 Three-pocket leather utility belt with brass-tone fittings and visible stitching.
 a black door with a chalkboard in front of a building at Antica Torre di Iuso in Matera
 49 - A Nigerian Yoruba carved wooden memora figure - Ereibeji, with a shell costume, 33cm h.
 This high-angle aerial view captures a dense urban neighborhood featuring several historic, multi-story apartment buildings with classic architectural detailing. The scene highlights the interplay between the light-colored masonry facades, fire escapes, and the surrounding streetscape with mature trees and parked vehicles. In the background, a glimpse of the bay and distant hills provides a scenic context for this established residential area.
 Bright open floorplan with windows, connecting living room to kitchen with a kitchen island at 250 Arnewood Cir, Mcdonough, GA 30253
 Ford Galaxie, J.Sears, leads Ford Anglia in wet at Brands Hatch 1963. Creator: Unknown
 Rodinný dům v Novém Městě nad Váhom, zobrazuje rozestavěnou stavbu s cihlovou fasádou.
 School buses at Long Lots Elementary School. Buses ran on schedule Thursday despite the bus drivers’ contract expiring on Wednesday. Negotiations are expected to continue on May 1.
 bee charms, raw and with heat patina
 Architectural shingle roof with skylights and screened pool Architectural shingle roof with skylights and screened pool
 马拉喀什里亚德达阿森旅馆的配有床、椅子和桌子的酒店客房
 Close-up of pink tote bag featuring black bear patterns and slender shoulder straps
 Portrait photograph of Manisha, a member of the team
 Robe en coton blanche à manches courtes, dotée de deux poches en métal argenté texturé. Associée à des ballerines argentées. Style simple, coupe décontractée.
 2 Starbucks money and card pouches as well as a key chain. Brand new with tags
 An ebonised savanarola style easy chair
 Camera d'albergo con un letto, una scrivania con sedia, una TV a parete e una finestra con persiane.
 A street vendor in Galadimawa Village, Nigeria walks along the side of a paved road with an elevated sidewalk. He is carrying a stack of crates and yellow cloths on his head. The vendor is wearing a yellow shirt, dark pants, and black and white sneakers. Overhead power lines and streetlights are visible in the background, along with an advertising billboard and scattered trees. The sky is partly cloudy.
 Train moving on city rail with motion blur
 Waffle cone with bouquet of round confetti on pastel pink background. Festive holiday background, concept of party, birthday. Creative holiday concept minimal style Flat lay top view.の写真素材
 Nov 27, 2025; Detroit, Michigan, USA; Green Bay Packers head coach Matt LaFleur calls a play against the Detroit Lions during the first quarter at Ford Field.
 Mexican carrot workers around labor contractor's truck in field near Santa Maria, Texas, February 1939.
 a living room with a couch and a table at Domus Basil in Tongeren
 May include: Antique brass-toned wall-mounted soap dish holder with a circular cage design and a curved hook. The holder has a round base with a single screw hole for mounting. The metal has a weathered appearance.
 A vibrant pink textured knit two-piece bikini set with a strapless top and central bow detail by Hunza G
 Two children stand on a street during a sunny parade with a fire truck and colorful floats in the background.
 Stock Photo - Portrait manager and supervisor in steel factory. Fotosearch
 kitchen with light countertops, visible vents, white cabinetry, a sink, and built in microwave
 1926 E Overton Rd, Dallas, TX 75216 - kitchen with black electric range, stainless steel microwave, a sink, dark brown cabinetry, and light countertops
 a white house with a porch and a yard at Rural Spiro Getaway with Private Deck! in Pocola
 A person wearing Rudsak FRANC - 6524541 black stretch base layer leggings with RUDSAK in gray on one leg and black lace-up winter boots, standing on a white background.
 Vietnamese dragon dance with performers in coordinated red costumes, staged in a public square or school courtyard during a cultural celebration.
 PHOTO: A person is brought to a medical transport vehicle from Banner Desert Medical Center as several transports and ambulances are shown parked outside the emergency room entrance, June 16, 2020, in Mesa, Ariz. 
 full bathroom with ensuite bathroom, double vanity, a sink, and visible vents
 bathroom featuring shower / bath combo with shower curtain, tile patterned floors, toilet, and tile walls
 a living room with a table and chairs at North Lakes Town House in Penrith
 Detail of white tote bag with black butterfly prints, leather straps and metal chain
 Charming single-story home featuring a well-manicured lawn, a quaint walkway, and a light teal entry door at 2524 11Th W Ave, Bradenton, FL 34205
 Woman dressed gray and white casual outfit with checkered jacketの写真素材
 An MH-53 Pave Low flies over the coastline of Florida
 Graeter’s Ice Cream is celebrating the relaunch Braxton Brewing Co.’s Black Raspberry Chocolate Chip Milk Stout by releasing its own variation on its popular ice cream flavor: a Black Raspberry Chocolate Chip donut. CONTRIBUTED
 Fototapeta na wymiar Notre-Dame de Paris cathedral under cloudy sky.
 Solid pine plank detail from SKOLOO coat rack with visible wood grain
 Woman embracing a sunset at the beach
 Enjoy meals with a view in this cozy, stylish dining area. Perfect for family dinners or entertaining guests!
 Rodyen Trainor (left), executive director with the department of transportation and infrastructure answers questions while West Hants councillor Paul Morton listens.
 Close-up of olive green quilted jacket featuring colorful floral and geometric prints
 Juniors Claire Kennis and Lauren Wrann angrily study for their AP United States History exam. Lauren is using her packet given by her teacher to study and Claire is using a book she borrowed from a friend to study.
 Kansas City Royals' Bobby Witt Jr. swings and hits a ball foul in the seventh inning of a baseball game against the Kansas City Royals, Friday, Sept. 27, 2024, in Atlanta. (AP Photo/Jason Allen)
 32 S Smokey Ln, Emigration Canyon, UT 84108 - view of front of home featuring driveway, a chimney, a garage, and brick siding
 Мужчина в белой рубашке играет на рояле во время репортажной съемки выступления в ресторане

**WORK REQUEST:**
Taking the lines above, repeat exactly those from the line that contains "Mexican carrot workers" through the line that contains "A vibrant pink", and both of those lines as well. Include nothing else.

**RESPONSE BELOW:**
 Mexican carrot workers around labor contractor's truck in field near Santa Maria, Texas, February 1939.
 a living room with a couch and a table at Domus Basil in Tongeren
 May include: Antique brass-toned wall-mounted soap dish holder with a circular cage design and a curved hook. The holder has a round base with a single screw hole for mounting. The metal has a weathered appearance.
 A vibrant pink textured knit two-piece bikini set with a strapless top and central bow detail by Hunza G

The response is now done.